* Required action: The required output is the line that contains "Робот-пилосос LEFANT M2" plus every line after it in the listing below, copied exactly as it appears.
>>
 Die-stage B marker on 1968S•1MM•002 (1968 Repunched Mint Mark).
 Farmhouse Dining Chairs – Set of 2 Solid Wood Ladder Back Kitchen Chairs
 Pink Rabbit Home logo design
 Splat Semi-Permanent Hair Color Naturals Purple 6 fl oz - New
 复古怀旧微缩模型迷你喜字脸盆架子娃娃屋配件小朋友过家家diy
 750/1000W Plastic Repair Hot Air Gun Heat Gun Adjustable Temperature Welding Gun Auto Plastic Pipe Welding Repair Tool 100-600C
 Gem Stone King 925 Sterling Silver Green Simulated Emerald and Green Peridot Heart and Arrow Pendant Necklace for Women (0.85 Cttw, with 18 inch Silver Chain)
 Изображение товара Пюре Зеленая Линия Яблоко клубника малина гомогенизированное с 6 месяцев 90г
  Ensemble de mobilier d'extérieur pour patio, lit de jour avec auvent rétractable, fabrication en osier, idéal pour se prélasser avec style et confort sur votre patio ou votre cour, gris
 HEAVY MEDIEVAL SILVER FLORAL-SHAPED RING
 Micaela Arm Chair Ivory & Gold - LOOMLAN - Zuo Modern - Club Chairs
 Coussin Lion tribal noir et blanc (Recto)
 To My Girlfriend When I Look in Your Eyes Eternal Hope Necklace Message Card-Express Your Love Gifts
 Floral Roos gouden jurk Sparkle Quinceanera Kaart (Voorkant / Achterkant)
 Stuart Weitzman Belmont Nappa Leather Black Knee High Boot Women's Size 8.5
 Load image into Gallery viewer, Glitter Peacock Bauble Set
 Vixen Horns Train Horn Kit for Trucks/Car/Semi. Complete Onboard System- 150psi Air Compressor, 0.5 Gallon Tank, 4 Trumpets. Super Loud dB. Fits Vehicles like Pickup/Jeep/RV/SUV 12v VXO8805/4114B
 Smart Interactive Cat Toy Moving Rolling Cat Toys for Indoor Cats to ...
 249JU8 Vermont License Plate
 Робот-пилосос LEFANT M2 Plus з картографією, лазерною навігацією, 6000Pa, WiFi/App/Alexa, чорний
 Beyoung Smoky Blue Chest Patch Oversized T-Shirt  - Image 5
<<
* Reply:
 Робот-пилосос LEFANT M2 Plus з картографією, лазерною навігацією, 6000Pa, WiFi/App/Alexa, чорний
 Beyoung Smoky Blue Chest Patch Oversized T-Shirt  - Image 5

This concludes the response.